• **Description of the task**:
Among the lines of the listing below, retype exactly those from the one containing "It's been newly" through the one containing "There are four", both included. Do not include pictures.

• **Recorded information**:
__________________________________________________

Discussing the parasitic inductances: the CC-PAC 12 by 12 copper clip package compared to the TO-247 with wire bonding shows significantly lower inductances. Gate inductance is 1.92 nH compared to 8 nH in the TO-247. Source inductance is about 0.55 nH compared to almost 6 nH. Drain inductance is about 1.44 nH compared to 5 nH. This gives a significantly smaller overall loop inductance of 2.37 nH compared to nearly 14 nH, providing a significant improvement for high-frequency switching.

__________________________________________________

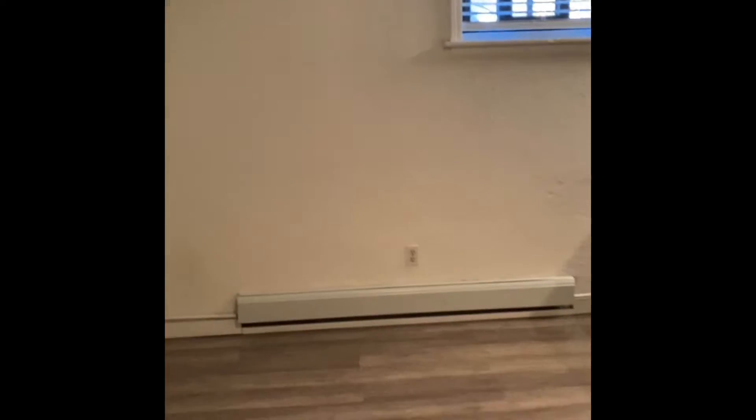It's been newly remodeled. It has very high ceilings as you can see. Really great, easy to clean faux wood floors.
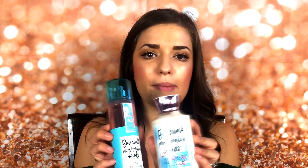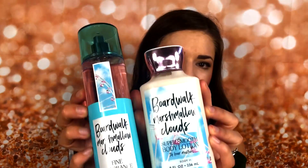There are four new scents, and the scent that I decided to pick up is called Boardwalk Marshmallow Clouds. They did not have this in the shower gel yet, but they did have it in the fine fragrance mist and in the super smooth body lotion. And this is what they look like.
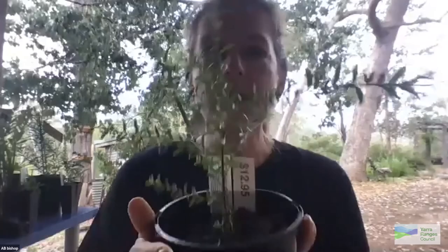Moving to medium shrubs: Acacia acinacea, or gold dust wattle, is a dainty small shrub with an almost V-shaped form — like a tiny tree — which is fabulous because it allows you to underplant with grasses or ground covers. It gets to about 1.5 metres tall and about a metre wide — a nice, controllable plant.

__________________________________________________

• **Solution for this exercise**:
It's been newly remodeled. It has very high ceilings as you can see. Really great, easy to clean faux wood floors.
There are four new scents, and the scent that I decided to pick up is called Boardwalk Marshmallow Clouds. They did not have this in the shower gel yet, but they did have it in the fine fragrance mist and in the super smooth body lotion. And this is what they look like.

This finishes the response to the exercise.